If you have the chance do get data cabling done before the walls in a house are closed up…or get lots of empty conduit run. We were lucky that all that cabling only required one hole in an inner closet wall. Not much damage but the time spent getting the cables pulled sure added to the cost.
Termination point
Once I had cables run to a centralized location I needed to figure out what I was going to do to manage the termination of these feeds. After some googling around I found out about media enclosures. These are just a metal box that gets installed between two wall studs and gives you a solid platform to mount different devices to. I had a bunch of small devices that I wanted to house so this seemed like a good idea. In the end it is home to my 8-way coax splitter, 8-way phone junction point, cable modem, cable-to-phone box and a WiFi router (more on that in a later post too).

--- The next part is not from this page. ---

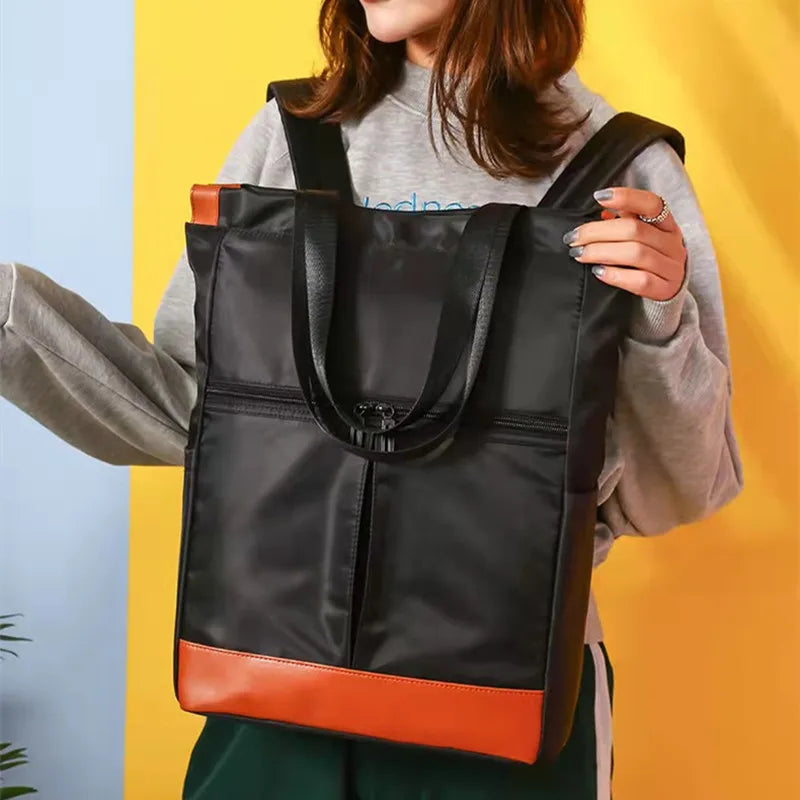 Four Seasons Outdoor Nylon Shoulder Bag, Fashionable Backpack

I waffled on the idea of terminating the long runs in this box. I knew it wasn’t the cleanest or most flexible solution but for something like the coax lines I likely wasn’t going to be changing their configuration ever so in the end simplicity won out. All of the Coax runs terminate in the enclosure. None of the data cables or phone runs go to the media enclosure. The connection between the cable modem and the WiFi router stays contained in the enclosure and a single data run leaves the WiFi router and the enclosure to connect to a gigabit switch. The same is true for the cable-to-phone box; all of its connections are kept in the enclosure and only 4 cables from the phone junction point exit the enclosure. In the end there is 1 Coax cable into the enclosure and 1 Cat6, 4 Cat5e and 3 Coax out of the enclosure.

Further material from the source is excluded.